At the local university, Rawicz studied law to please his father and Asian languages to satisfy his own desires. He fell in love with classmate Anna Dastre but events, including the Soviet occupation of their country in 1939 and the German invasion of 1941, delayed plans for marriage. The young lovers fled, but within a year Rawicz was detained by the Gestapo and underwent interrogation and torture. Rawicz convinced officials that he was not Jewish, but he could not talk his way out of the concentration camp at Auschwitz, where he was sentenced for two years for unspecified political crimes. Two decades later, his experiences both eluding and enduring captivity would provide background for his first novel.

Released from his interment, Rawicz reunited with his wife. The couple married and settled in Poland, where Rawizc found employment as a journalist. He applied for admission to the Sorbonne and received a scholarship to study languages in 1947. Paris became their permanent residence. In the early 1950’s, Rawicz was a correspondent for the foreign press, but his success as a journalist in Paris was short-lived. Subsequent jobs as a translator, a salesman, and a chauffeur provided only subsistence living for the couple, but afforded Rawicz the opportunity to begin a novel.

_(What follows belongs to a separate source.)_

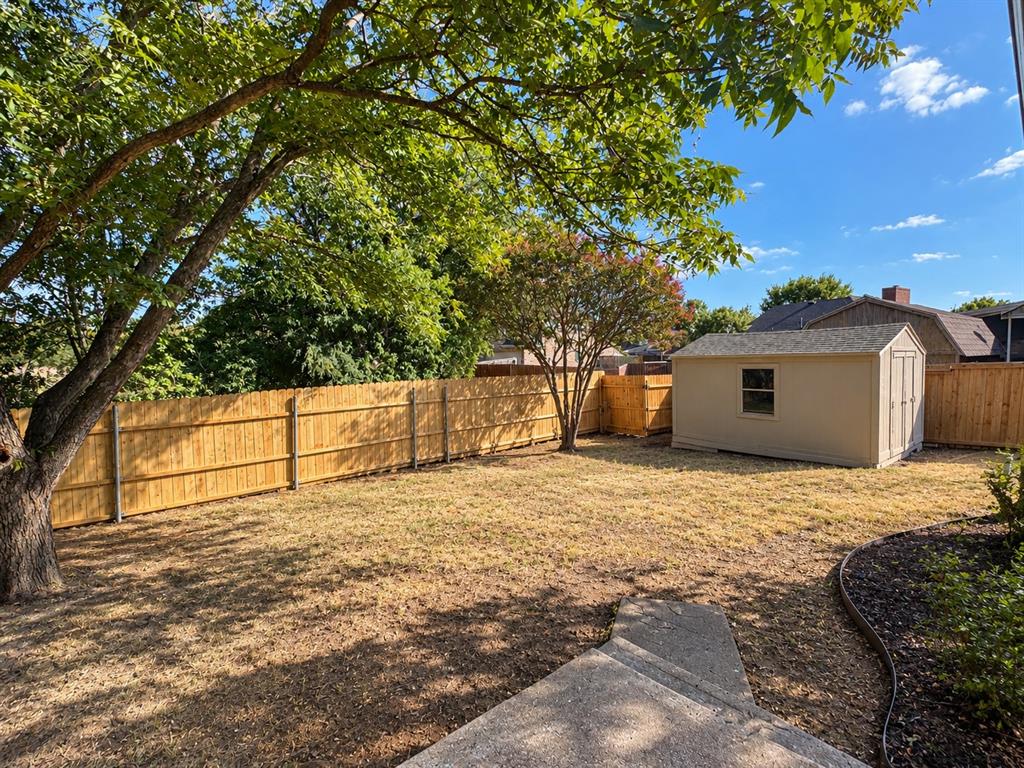 Backyard featuring a perimeter wood fence, detached storage structure, concrete pathway, mature trees, and ground cover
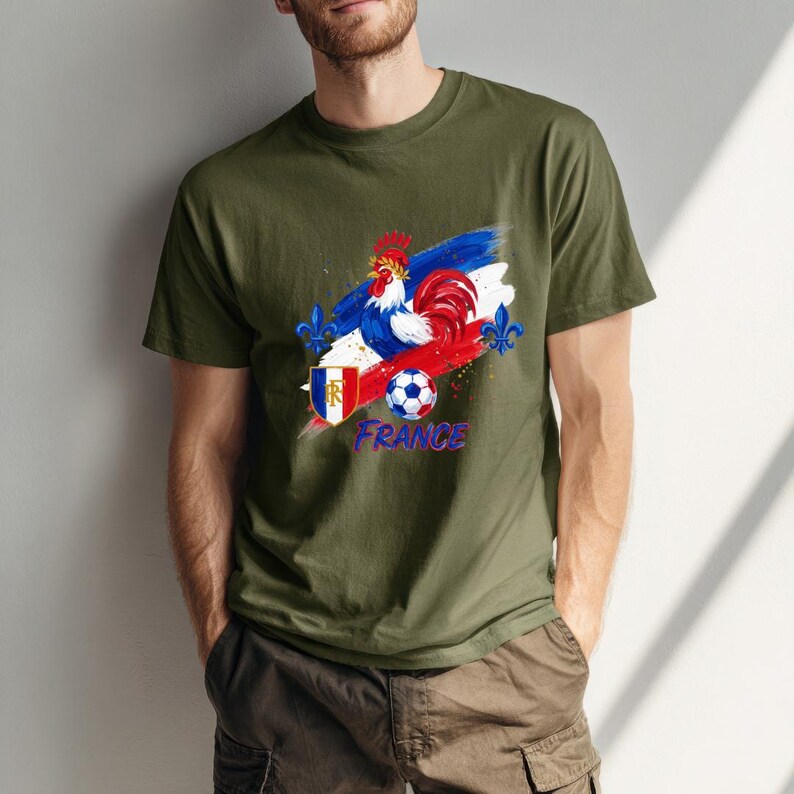 May include: Olive green t-shirt featuring a graphic of a rooster, a soccer ball, and the word "France" in blue. The design incorporates the colors of the French flag: red, white, and blue. The shirt has a crew neck and short sleeves.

Though proficient in many languages, Rawicz composed his first and most significant novel, Le Sang du ciel (1961; Blood from the Sky, 1964), in French. Le Sang du ciel is a postmodern story of an Auschwitz survivor. Though events in the novel resemble episodes in Rawicz’s life, it is not presented as autobiography. The main character is a Jew who pretends to be a Gentile during the occupation. “Remember and tell” is the mantra of the novel and the motto by which the protagonist survives his deception. Critics responded with enthusiasm to Rawicz’s innovations: snippets of other genres, including poetry, scholarly explication, replete with footnotes. and dramatic asides collude with traditional narration to offer a panoramic view of the Holocaust. Given the scope and topic of his work, the embedded forms, reminiscent of Old Testament structure, are appropriate. In 1962, Le Sang du ciel was awarded the Prix Rivarol, the top prize for a work written in French by a foreign national.

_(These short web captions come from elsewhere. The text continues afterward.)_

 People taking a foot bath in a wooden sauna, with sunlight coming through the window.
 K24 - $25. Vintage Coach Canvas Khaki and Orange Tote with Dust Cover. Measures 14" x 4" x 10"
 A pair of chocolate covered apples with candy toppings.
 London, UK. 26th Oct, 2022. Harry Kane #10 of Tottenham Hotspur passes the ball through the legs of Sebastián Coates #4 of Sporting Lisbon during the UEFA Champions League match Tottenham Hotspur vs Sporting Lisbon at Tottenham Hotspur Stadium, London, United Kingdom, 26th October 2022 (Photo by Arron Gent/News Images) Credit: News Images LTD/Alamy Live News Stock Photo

His second novel, inspired by events of the 1968 student uprising in Paris, was published in 1969. Bloc-notes d’un contre-révolutionnaire: Ou, La Gueule de bois has yet to be translated into English.

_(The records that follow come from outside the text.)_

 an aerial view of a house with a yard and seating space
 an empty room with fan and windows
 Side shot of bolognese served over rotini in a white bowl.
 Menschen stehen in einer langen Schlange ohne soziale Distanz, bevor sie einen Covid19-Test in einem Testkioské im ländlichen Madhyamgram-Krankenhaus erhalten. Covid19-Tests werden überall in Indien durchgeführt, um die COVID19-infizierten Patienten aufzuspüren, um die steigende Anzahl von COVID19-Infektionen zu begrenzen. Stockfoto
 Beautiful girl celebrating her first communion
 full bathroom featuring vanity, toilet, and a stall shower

Rawicz committed suicide on May 21, 1982. By that time, interest in his writing had waned, but recent Holocaust scholarship has created a new audience for Le Sang du ciel. Rawicz wrote only one novel about the Holocaust, but it is a masterpiece of the genre. He recreated convincingly in fiction, through the use of nontraditional literary methods, the atrocities of the Holocaust in a novel both personal and universal.